Julianne Moore heeft de rollen voor het uitzoeken in Hollywood. Op de één of andere manier komt ze altijd weer uit bij vrouwen die in de knoop zitten. Of dat nou is door de aantrekkingskracht van haar zwarte tuinman en een in de kast zittende echtgenoot in Far from Heaven, een zieke man en schuldgevoelens over een affaire in Magnolia of een affectieve kannibaal in Hannibal, de personages van Moore hebben het maar niet makkelijk. Savage Grace, gebaseerd op een waargebeurd verhaal, is geen uitzondering. Met Barbara Baekeland zet Moore weer een getroubleerde dame neer.

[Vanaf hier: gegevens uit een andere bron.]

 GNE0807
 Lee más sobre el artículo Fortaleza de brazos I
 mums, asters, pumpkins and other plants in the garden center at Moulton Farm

Brooks Baekeland (Stephen Dillane, The Hours), de rijke erfgenaam van het Bakeliet-emporium in de jaren 40, is niet gelukkig in zijn huwelijk. Zijn vrouw Barbara (Moore), een ex-filmster en decadente poseur doet niets liever dan zich begeven in hogere kringen, flanerend in mooie kledij en pronkend met haar man als het haar uitkomt. Waar ze echter het liefst mee pronkt is haar belangrijkste bezit, haar zoon Anthony (Barney Clark in het begin en later Eddie Redmayne, (Elizabeth: The Golden Age), een bleke, fragiele jongen die Barbaras aandacht verslindt. Anthony, die vanaf het begin af aan al homoseksuele trekjes vertoont, wordt de spil van Barbaras leven als Brooks het gezin verlaat, tezamen met Anthonys vriendin. Zonder de vader in het gezin wordt de relatie tussen moeder en zoon steeds intiemer. De pogingen van Barbara om haar zoon te laten slagen in de wereld -en dat houdt ook in het afleren van zijn geaardheid- zijn verwerpelijk en soms tot aan het incestueuze toe. Steeds meer verdwijnt Barbara in haar oppervlakkigheid, wat haar labiele karakter versterkt. Ook beginnen Anthonys schizofrene eigenschappen de kop op te steken, wat het verhaal een noodlottige wending geeft.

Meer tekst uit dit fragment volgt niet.